Der BMW M440i xDrive kommt dem M4 nahe: Er ist kaum langsamer, obwohl er über 100 PS weniger zu bieten hat. Im Fahrwerksbereich setzt er neue Bestmarken.

(Bild: BMW)

Lesezeit: 4 Min.
Von
  • Stefan Grundhoff

Die Zeiten, in denen BMW mit einer zurückhaltenden Gestaltung überzeugen wollte, sind vorbei. Beim neuen 4er reizt die Marke die Geschmacksnerven heftig, es ist insbesondere an der Front der komplette Gegenentwurf von Everybody's Darling. Man darf gespannt sein, ob die Kundschaft den eingeschlagenen Weg mitgeht. Eine erste Proberunde zeigt indes, dass sich der 4er stärker als bisher vom 3er abhebt. Besonders deutlich wird das im Topmodell diesseits des M4. Der M440i ist neben dem M4 der einzige Sechszylinder-Benziner.

Die Maschine gleicht natürlich jener im M340i: ein aufgeladener Reihensechszylinder mit drei Litern Hubraum und 275 kW (374 PS). Immer mit dabei: Allradantrieb, Achtgangwandler-Automatik von ZF und eine Mildhybridisierung mit 8 kW. Allein schon diese Antriebszusammenstellung verspricht einiges – und hält es auch: Die alle Komponenten hier miteinander agieren und vor allem harmonieren, ist außergewöhnlich. Viel besser als BMW das hier getan hat, kann man es mit einem Verbrenner schwerlich hinbekommen. Bis hierhin gleicht das Coupé freilich den entsprechenden Ausführungen im 3er, denn dort wird dieser Antriebsstrang in Limousine und Kombi ja ebenfalls angeboten.

Doch das neue Coupé fährt signifikant anders als der Dreier, wobei schon dieser in der Mittelklasse für sich betrachtet durchaus kein Langweiler ist.
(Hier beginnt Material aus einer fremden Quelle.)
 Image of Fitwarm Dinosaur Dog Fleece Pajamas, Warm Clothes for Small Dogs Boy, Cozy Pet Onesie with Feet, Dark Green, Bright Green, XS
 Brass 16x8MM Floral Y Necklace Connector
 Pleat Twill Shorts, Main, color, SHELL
Doch der Vierer ist im Vergleich straffer abgestimmt, sportlich, direkt und dynamisch, dass einem selbst bei strömendem Regen die Spucke wegbleibt, wie präzise sich der Bayer im Grenzbereich bewegen lässt. Die Rückmeldung der Lenkung setzt in der Klasse Bestmarken. Einziges, kleines Manko: Wirklich komfortabel kann der 440i nicht, denn selbst im Komfortmodus geht das Gesamtpaket überaus stramm zur Sache – ohne tatsächlich unbequem zu werden.

BMW M440i (16 Bilder)

Die Front mit den Nieren in Form von Hasenzähnen scheidet die Betrachter: Befürwortung oder Ablehnung - BMW lässt dazwischen kaum Raum.
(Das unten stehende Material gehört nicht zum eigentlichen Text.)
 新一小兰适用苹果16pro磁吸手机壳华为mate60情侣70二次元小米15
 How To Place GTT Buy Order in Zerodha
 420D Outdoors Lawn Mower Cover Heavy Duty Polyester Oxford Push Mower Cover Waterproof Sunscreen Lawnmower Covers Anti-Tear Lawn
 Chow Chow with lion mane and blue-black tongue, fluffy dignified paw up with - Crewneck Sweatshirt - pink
Die Fahrleistungen des BMW M440i xDrive Coupé sind dabei ebenso wie die fahrdynamischen Ansprüche auf einem Niveau, wie es noch vor wenigen Jahren nur ein echtes M-Modell bot. Aus dem Stand beschleunigt der 1,8 Tonnen schwere Allradler in 4,5 Sekunden auf Tempo 100 – ein M4 ist trotz über 100 PS mehr nur 0,3 Sekunden schneller in dieser Disziplin. Im M440i ist bei 250 km/h Schluss, die beiden M4 schaffen mit optionalem M Driver's Package 290 km/h. Im WLTP nennt BMW 7,5 bis 8,1 Liter. Wer im M440i dauerhaft weniger als 9 schafft, sollte sich fragen, ob er das richtige Auto gewählt hat.
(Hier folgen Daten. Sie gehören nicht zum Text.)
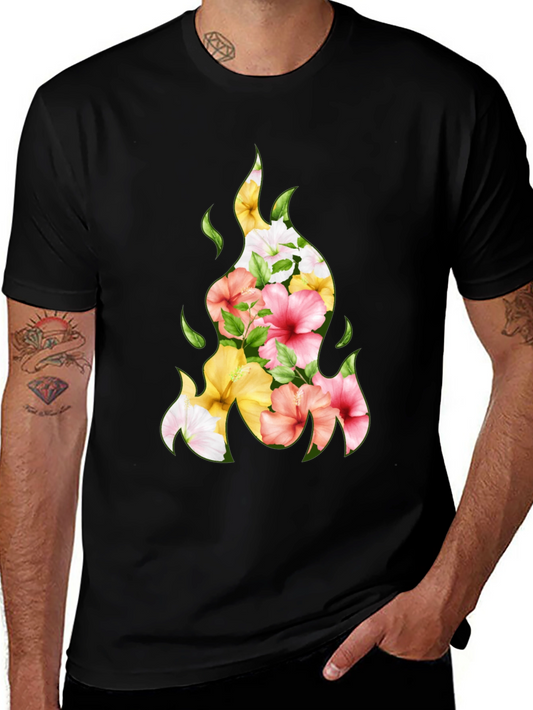Floral Fire T-Shirt - Unique Graphic Tee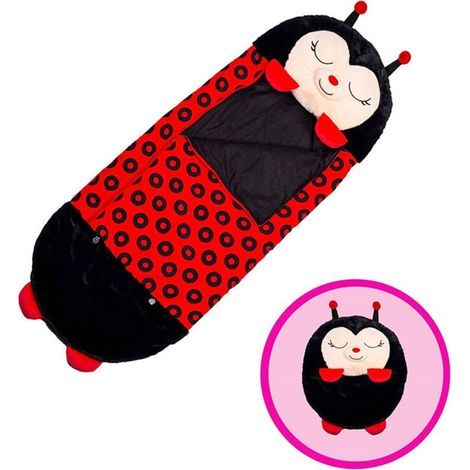 Coussin de sac de couchage pliant, 2 en 1 épaissi sac de couchage créatif pour enfants Licorne bébé tout - petit Cartoon chaud anti - coup de pied par pyjama clip coton, coccin noire (1/5)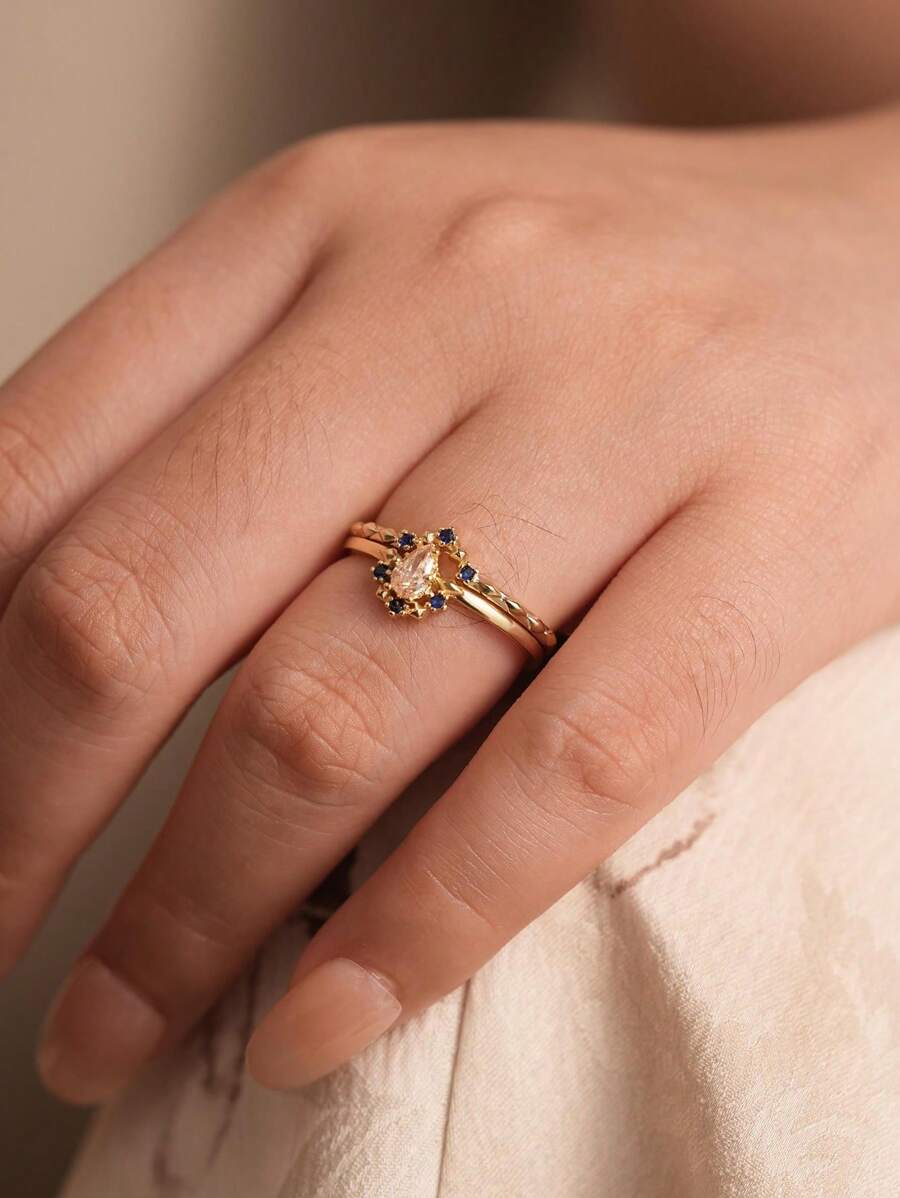 A Set Of Two 925 Sterling Silver Gorgeous Retro Palace Style Rings Ladies Fine Jewelry Gift Birthday Gift Party Gift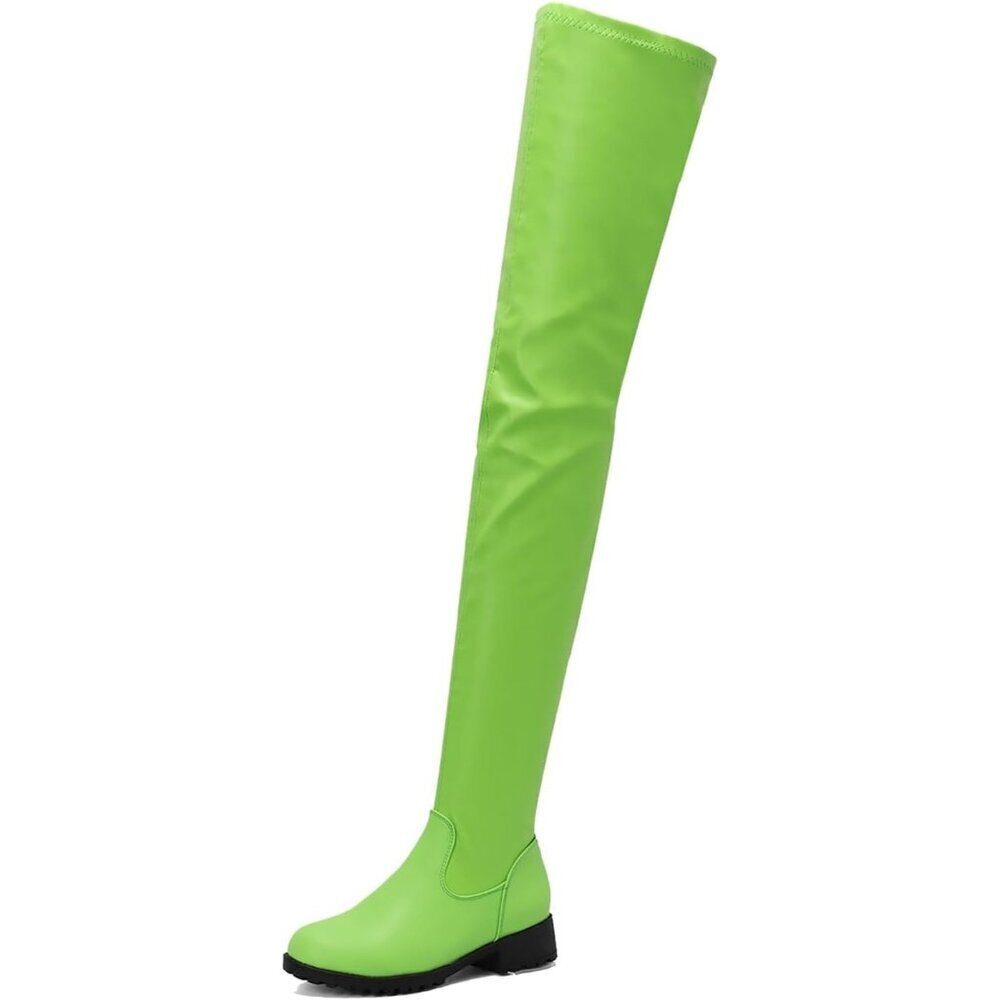 Women's Green Polyurethane Thigh High Over The Knee Rounded Toe Fashion Boots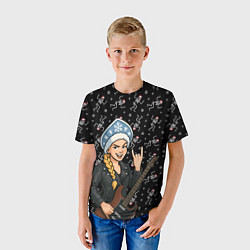 Футболка детская Снегурочка с гитарой - Рок, цвет: 3D-принт — фото 2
Das Paket wird abgerundet durch alle Vorzüge, die diese Plattform mitbringt. Die Verarbeitung und erst recht die Materialauswahl sind spürbar besser als im Vorgänger, das teure Infotainment hervorragend, zumindest, solange es Empfang hat. Sitzriesen fällt auf, dass BMW die hintere Bank recht tief montiert hat. Die hier serienmäßigen Sportsitze sind sehr weitreichend einstellbar, inklusive der Lehnenbreite. Erstmals gibt es in einem Dreier-Derivat auch eine Sitzbelüftung.

Das M440i xDrive Coupé kostet 65.213 Euro. Es ist, wie so oft, nur als Start einer Reise durch die Preisliste anzusehen, wenngleich sie nicht mehr ganz so lange dauert, wie das früher einmal der Fall war. Anders ausgedrückt: BMW liefert eine halbwegs anständige Serienausstattung mit, wenngleich sich ohne es zu übertreiben locker weitere 10.000 Euro investieren lassen. Wer alles braucht, zahlt deutlich mehr als 85.000 Euro. Schwacher Trost: Ein M4 ist nochmals erheblich teurer, und die schärfste Ausbaustufe diesseits des Topmodells kommt diesem näher als je zuvor. Und die eigenwillige Front haben sie beide.